Other businesses that have contributed during the crisis include ERA Top Realty and Navi Transportation, he said.

Assemblyman Michael DenDekker spotlighted the work of Cassidy’s Ale House in East Elmhurst, which has been paying its workers during the pandemic. He said many restaurants have been giving away food and doing everything they can to help their communities.

“Queens is very united,” he said.

Astoria Assemblywoman Aravella Simotas chose Blend Astoria, which has been providing weekly food donations to local hospitals. She also commended Duzan for providing free meals during Ramadan and recognizing the large need in the Muslim community.

In the Rockaways, Assemblywoman Stacey Pheffer Amato said she hopes the beaches will open at some point in the summer this year. Though she did not choose just one, Amato said concession stands on the boardwalk offer a diversity of foods, and are important to the local economy.

She also praised Russo’s on the Bay in Howard Beach for the “unbelievable work” it has been doing for frontline workers and first responders.

“When summer comes,” she said, “it’d be great to be eating at one of our great restaurants.”
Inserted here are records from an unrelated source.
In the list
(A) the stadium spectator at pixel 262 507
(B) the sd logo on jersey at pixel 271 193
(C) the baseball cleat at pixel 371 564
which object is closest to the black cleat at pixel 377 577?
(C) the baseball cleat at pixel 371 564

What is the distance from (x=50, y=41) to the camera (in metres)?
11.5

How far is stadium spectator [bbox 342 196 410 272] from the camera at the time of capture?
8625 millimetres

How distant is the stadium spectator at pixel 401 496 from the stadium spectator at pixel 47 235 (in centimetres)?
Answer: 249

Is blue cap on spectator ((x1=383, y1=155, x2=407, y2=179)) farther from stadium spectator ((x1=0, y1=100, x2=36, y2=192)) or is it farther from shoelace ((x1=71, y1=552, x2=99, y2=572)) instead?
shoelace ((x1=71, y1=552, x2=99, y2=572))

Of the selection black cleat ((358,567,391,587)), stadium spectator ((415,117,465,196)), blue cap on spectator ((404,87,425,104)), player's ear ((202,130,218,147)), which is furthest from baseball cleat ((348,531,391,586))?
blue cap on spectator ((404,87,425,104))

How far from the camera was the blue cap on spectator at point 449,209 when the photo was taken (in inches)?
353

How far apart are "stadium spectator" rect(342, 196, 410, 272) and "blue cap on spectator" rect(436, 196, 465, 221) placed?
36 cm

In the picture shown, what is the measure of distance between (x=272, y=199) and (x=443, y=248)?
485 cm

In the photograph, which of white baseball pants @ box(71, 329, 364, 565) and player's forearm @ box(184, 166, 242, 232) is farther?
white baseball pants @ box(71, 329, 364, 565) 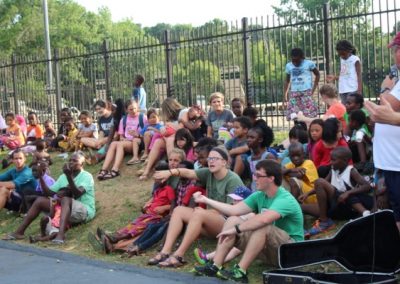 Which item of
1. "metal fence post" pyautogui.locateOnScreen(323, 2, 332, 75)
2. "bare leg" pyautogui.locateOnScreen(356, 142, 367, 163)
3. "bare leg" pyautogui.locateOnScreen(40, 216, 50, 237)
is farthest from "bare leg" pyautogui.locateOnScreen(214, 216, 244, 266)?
"metal fence post" pyautogui.locateOnScreen(323, 2, 332, 75)

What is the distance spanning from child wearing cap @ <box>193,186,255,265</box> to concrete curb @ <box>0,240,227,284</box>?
0.30 meters

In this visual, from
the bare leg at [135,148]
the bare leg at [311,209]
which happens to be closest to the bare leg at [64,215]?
the bare leg at [135,148]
As for the legislators in the other chamber, State Senator Michael Gianaris highlighted two western Queens restaurants in his district. The first is M. Wells Steakhouse in Long Island City, which has been open for takeout. The other is Sac’s Place, which he called “an institution in Astoria for a long, long time.”

State Senator Leroy Comrie spotlighted Maxine on the Boulevard in St. Albans, which has been feeding people at both Jamaica Hospital and Flushing Hospital. He also shouted out Sangria Restaurant, The Door and Nourish Spot as well.

While State Senator John Liu could not provide just two recommendations, he spoke about two places where he frequents often. The first is VIPizza on Bell Boulevard, where he goes almost everyday for a sicilian slice.

The other is Whitestone Diner, which Liu said offers good food, good service and is a good meeting spot.

Finally, State Senator Joseph Addabbo commended Russo’s on the Bay for their work, as well as Resorts World Casino for being a “phenomenal” neighbor in the community.

Grech noted that last year’s Queens Day in Albany, which culminates with a food celebration, had more than 50 local restaurants travel to the state capital.

“My goal is to have more restaurants come next year,” he said.